Your instructions:
Please transcribe every record below exactly, leaving out the pictures.

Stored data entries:

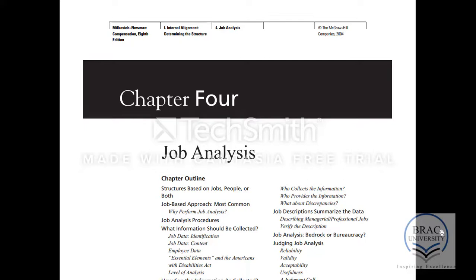Now we are going to study about job analysis. This is another topic in compensation management. It is a very important topic because job analysis is conducted by the human resource department and the results are used for various purposes besides setting the compensation of the employees.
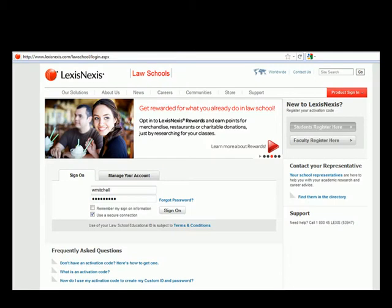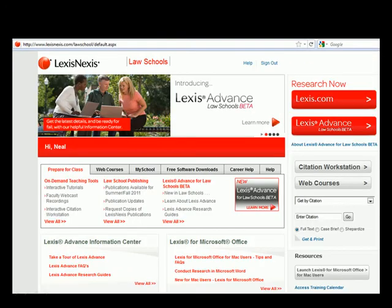That should bring up this page. You can see I've already entered my user ID and password. Go ahead and click there. If you do not have a user ID and password, you'll want to talk to Lindsey Matz in the library.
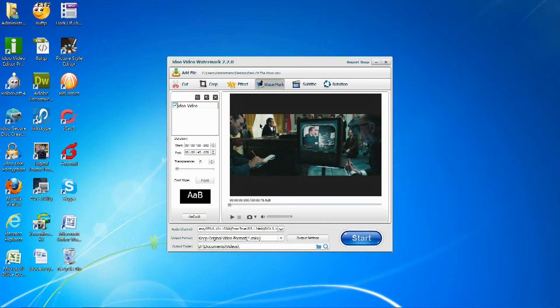You can drag it around to the area where you want it to be visible on the video. You can change the amount of time it will be on the video using the arrows.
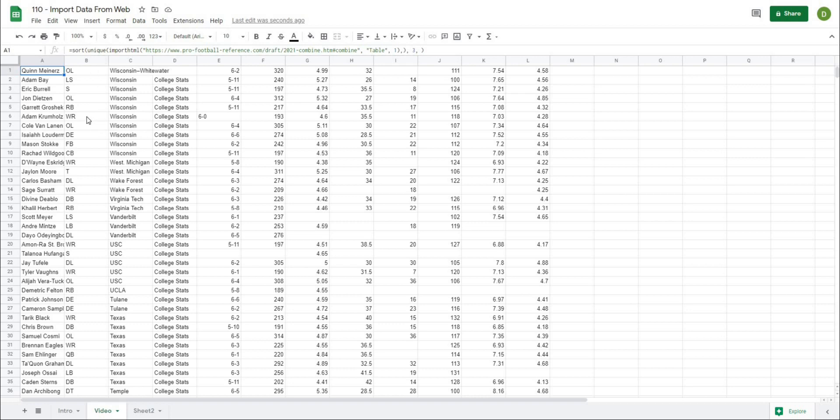I hope this video helped you out. It was a quicker video, but I wanted to show you how you can start to import some web data into your spreadsheet. I will see you in the next video. Thanks for watching.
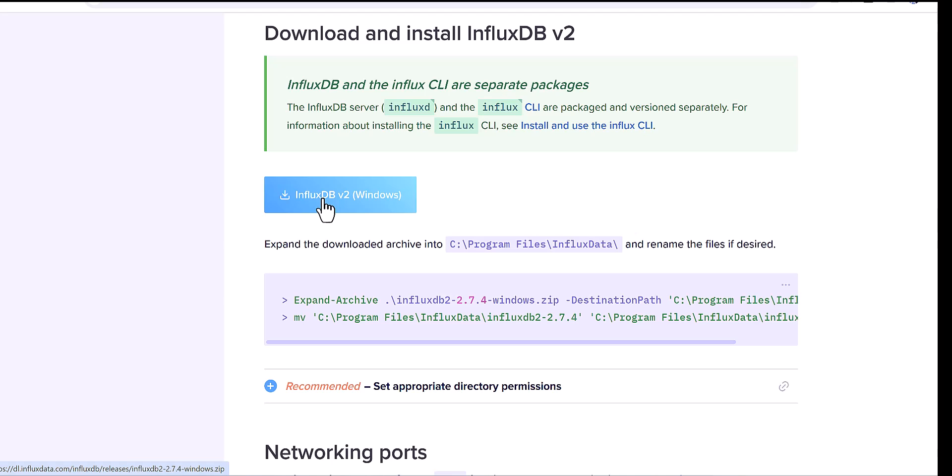After you download this file, which is the zip file, you need to extract it. Already I have done this, so I will not download it again. I will quickly jump to my folder to show you how you can run the server.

Solution:
Now we are going to study about job analysis. This is another topic in compensation management. It is a very important topic because job analysis is conducted by the human resource department and the results are used for various purposes besides setting the compensation of the employees.
That should bring up this page. You can see I've already entered my user ID and password. Go ahead and click there. If you do not have a user ID and password, you'll want to talk to Lindsey Matz in the library.
You can drag it around to the area where you want it to be visible on the video. You can change the amount of time it will be on the video using the arrows.
I hope this video helped you out. It was a quicker video, but I wanted to show you how you can start to import some web data into your spreadsheet. I will see you in the next video. Thanks for watching.
After you download this file, which is the zip file, you need to extract it. Already I have done this, so I will not download it again. I will quickly jump to my folder to show you how you can run the server.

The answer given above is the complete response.